Understanding the area of a rectangle involves a straightforward calculation. A rectangle's area is determined by multiplying its width by its height.
In the context of this exercise, we are examining a rectangle formed using the x-axis and a semicircle defined by the equation \(y = \sqrt{36-x^2}\).
It’s important to grasp that this setup allows us to view the rectangle’s width as twice the distance from a point on the x-axis to the center of the semicircle, or \(2x\).
Meanwhile, the height of the rectangle corresponds to the y-value from the semicircle's equation.

Putting these together, the area \(A\) can be expressed as a function of \(x\) by combining width and height:

• Width: \(2x\)
• Height: \(\sqrt{36-x^2}\)

Thus, the area \(A(x)\) is given by the formula:
\[A(x) = 2x \times \sqrt{36-x^2}\]
This expression represents how the area varies based on the variable \(x\).

A function describes a relationship between one set of values and another. In this context, we need to analyze how the area \(A\) of the rectangle changes as \(x\) changes.
In geometry, expressing a quantity like area as a function of a variable helps to understand how changes in the variable influence the overall measurement.

In our problem, we have the function \(A(x) = 2x \sqrt{36 - x^2}\). This indicates that the area is dependent on \(x\), a value representing half the width of the rectangle. This makes \(x\) a critical aspect of how the area is determined.
The concept serves to show that by increasing or decreasing the value of \(x\), we have a direct impact on the area of the rectangle.

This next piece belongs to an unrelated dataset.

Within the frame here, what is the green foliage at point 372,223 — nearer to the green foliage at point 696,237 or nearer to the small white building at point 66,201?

Thus, if \(x\) increases toward its maximum value, the rectangle’s potential area will also change accordingly. This functional relationship is essential for comprehensively understanding how modifications in base dimensions directly alter the area.

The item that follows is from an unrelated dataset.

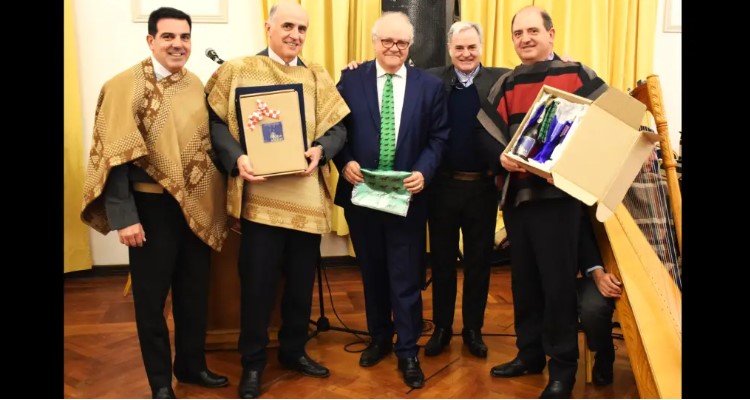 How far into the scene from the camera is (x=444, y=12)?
3.78 meters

The domain of a function consists of all possible values that the variable can take so the function remains defined. It is crucial to consider physical and mathematical constraints.
In this exercise, we are considering \(A(x) = 2x \sqrt{36-x^2}\).

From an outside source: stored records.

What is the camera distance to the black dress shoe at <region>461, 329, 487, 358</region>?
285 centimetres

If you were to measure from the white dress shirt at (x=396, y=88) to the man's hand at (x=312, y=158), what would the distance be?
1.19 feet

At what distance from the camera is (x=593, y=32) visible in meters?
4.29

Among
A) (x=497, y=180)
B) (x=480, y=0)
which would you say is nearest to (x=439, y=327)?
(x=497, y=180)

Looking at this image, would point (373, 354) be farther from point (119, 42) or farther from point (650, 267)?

The function \(\sqrt{36-x^2}\) introduces a constraint since square roots are only defined for non-negative values.
This means that \(36-x^2 \geq 0\), with the solution being \(-6 \leq x \leq 6\).
This defines the interval where \(x\) can be situated, ensuring the rectangle maintains its proper geometric form.

Additionally, since \(x\) represents a spatial dimension from the center outward, it fits within the confines of the semicircle.
This mathematical boundary ensures the function only provides realistic, usable values for the dimensions of the rectangle.

• Mathematical Condition: \(36-x^2 \geq 0\)
• Domain of \(A(x)\): \([-6, 6]\)

Recognizing the domain helps prevent mathematical errors and ensures each possible \(x\) yields a valid area calculation.